By comparison, little is known about the effects on DNS of other medications used for the treatment of narcolepsy. Baclofen has beneficial effects on sleep in some people with NT1, including those with inadequate response to other therapies.⁸⁸^,⁸⁹ In a clinical study in healthy volunteers, baclofen administered prior to nighttime sleep during each of 5 weekly experimental sessions improved (increased) nocturnal SWS relative to placebo, as did SXB.⁹⁰ A small retrospective study assessed nocturnal temazepam use among people with NwC; the authors reported improvement in daytime sleepiness with nocturnal temazepam use, but changes in sleep measures were not measured.⁹¹ In a small, single-blind, within-patient study conducted to examine the effect of triazolam on nighttime sleep in people with NwC, a beneficial effect of triazolam vs placebo was noted on TST, sleep efficiency, percentage N1 sleep, and WASO, but not other PSG parameters (percentage N2 or REM sleep and arousals).⁹² There have been no randomized clinical trials of benzodiazepines to treat DNS in people with narcolepsy. Finally, mixed results have been reported with ritanserin, a serotonin 5-HT2 receptor antagonist. In a randomized, double-blind, placebo-controlled trial in people with narcolepsy (mixed population), ritanserin administered for 4 weeks increased SWS duration and decreased WASO but did not affect the number of awakenings or sleep stage shifts, compared with placebo.⁹³ Furthermore, the results were not replicated.⁹⁴ The compound is not commercially available.

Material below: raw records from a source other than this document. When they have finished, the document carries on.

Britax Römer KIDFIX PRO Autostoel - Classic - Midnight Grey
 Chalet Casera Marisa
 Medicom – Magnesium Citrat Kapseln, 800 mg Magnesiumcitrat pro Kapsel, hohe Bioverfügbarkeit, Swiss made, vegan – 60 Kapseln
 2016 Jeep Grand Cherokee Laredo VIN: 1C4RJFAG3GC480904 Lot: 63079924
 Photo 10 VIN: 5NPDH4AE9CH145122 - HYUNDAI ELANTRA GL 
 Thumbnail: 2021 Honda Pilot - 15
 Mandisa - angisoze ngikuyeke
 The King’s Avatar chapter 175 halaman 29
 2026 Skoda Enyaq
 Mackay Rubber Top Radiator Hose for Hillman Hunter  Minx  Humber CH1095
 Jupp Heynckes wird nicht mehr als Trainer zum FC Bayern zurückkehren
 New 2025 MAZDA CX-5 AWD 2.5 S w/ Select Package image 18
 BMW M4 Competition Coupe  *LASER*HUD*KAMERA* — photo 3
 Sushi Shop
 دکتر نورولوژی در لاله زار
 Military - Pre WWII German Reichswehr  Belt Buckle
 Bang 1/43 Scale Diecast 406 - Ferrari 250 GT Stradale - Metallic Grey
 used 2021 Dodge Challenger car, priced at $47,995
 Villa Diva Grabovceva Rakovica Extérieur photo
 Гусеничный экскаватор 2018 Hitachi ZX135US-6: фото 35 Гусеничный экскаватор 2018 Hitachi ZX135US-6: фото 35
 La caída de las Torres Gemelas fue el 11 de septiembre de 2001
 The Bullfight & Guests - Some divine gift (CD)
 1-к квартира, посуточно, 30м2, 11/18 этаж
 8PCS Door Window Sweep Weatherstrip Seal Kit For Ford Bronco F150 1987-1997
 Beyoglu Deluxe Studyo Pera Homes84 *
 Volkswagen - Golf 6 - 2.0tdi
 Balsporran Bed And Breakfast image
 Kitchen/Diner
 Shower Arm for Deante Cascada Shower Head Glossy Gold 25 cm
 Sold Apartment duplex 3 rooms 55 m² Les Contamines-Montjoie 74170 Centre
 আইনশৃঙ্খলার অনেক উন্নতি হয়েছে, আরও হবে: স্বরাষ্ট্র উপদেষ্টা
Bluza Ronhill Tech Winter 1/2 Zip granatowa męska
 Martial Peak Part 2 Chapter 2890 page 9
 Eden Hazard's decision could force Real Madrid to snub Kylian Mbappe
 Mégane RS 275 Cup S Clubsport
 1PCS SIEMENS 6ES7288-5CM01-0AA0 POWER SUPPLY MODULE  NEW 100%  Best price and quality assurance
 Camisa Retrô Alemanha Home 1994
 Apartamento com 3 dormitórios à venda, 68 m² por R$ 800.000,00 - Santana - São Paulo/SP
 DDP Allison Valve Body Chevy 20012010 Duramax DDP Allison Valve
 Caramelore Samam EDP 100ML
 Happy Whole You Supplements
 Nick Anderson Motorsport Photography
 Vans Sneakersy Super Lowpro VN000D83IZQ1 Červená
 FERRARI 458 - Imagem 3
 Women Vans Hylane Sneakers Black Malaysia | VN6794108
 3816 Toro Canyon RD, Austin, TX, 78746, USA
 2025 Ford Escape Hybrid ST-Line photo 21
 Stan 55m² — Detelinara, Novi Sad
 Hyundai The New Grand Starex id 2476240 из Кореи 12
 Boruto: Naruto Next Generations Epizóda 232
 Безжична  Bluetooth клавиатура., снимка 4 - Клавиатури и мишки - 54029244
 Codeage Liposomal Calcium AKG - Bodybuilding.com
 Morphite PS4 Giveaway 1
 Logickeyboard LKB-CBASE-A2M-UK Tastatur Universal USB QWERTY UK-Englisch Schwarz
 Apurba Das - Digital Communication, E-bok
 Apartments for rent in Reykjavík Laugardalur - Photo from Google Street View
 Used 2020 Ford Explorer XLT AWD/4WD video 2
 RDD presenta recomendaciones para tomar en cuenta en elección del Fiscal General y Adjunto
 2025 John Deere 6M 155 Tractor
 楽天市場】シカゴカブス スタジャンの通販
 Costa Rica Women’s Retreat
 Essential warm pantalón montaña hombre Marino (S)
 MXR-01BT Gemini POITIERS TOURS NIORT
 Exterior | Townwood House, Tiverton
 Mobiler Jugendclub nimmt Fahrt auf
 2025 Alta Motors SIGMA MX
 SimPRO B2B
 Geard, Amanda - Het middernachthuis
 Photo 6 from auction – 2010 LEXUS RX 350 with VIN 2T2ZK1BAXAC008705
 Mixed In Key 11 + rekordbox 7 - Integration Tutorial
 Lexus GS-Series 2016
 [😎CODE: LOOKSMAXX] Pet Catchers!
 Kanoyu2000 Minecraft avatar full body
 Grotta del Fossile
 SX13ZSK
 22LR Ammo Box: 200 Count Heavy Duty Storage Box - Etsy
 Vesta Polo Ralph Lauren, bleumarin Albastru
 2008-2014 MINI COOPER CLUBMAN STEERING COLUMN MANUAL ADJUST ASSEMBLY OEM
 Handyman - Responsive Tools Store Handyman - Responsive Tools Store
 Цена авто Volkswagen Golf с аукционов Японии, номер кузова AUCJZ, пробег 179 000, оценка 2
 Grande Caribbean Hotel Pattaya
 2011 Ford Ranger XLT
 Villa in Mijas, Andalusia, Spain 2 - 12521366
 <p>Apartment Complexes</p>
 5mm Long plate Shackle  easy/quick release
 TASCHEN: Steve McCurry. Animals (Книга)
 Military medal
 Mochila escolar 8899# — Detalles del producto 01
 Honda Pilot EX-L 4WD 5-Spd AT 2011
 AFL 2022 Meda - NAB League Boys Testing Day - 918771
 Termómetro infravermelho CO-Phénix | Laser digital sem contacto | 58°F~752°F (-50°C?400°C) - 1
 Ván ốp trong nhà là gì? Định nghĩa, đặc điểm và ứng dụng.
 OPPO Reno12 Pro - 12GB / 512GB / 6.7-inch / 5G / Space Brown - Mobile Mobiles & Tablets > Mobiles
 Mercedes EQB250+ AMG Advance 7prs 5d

It is not known to what degree treatment for other sleep disorders, including RBD, restless legs syndrome, or PLMS, improves self-reported or objective measures of DNS. There is mixed evidence with regard to an effect of continuous positive airway pressure therapy on daytime sleepiness, measured by Epworth Sleepiness Scale score, in people with narcolepsy (mixed population) and sleep-disordered breathing or OSA, with 1 study reporting significant improvement and another reporting no effect in a majority of patients.⁹⁵^,⁹⁶

Effects of wake-promoting medications on DNS

Stimulants and wake-promoting agents are commonly used on-label or off-label for the treatment of EDS in narcolepsy, but evidence suggests that they are associated with either no improvement in, or a disruption of, nighttime sleep. For example, in a phase 3 clinical trial examining SXB and modafinil in people with narcolepsy (mixed population; described above), modafinil was found to have no effect on objective or patient-reported sleep quality (assessed with PSG and Pittsburgh Sleep Quality Index, respectively) as a standalone treatment.⁸⁵ Pitolisant, a histamine-3 receptor antagonist/inverse agonist used to treat EDS and/or cataplexy in adults with narcolepsy, did not meaningfully impact sleep architecture (assessed using overnight PSG) in a sample of 14 patients with narcolepsy (mixed population).⁹⁷ High-dose methamphetamine treatment for EDS in patients with NwC has been linked to lower sleep efficiency, longer REM sleep latency, and less REM sleep time.⁹⁸ Additional evidence for an effect of stimulants on sleep quality comes from studies of attention-deficit/hyperactivity disorder, for which stimulants are a standard of care.⁹⁹ In a meta-analysis of 7 studies examining the effect of stimulant treatment on sleep in children with attention-deficit/hyperactivity disorder, stimulants were associated with significantly longer sleep latency, poorer sleep efficiency, and shorter TST.¹⁰⁰

DISCUSSION

Although progress has been made in recent years in terms of characterizing and addressing DNS and sleep instability in narcolepsy, additional research is necessary. First, the use of a standardized instrument such as the NSS to quantify self-reporting of DNS separately from other symptoms of narcolepsy will be helpful moving forward.⁸ Further validated measures of DNS, including sleep instability, are needed. There are many PSG measures of sleep instability that have been used, including N1%, WASO, sleep efficiency, sleep maintenance, number of waking periods from sleep relative to TST, sleep stage transitions, and number and duration of wake and sleep stage bouts, but no consensus on the best measure. Actigraphy measures, including sleep efficiency, number of awakenings, and WASO, also reflect DNS, but validation with PSG is needed. It is important to validate any self-reported assessment with objective measures of nighttime sleep, and this relationship may help elucidate pathophysiology. Furthermore, nighttime sleep characteristics that define aspects of DNS could potentially be used to refine diagnostic criteria and simplify clinical diagnostic protocols to using nocturnal PSGs alone. Specific sleep architecture and DNS characteristics derived by sophisticated machine learning from large PSG datasets have shown a role as an avenue for improving diagnosis.²¹^,¹⁰¹^,¹⁰² Second, more DNS data among people with NT2 are needed to discern potential differences from NT1. Third, a better understanding of the impact of DNS (specifically sleep instability) on patient health, cognition, mood, metabolism, cardiovascular health, and health-related quality of life is necessary to further justify sleep treatments in the routine care of patients with narcolepsy. Finally, clinical trials to establish efficacious DNS treatments are needed, as are prospective studies to determine the effect of daytime wake-promoting medications on nocturnal sleep architecture.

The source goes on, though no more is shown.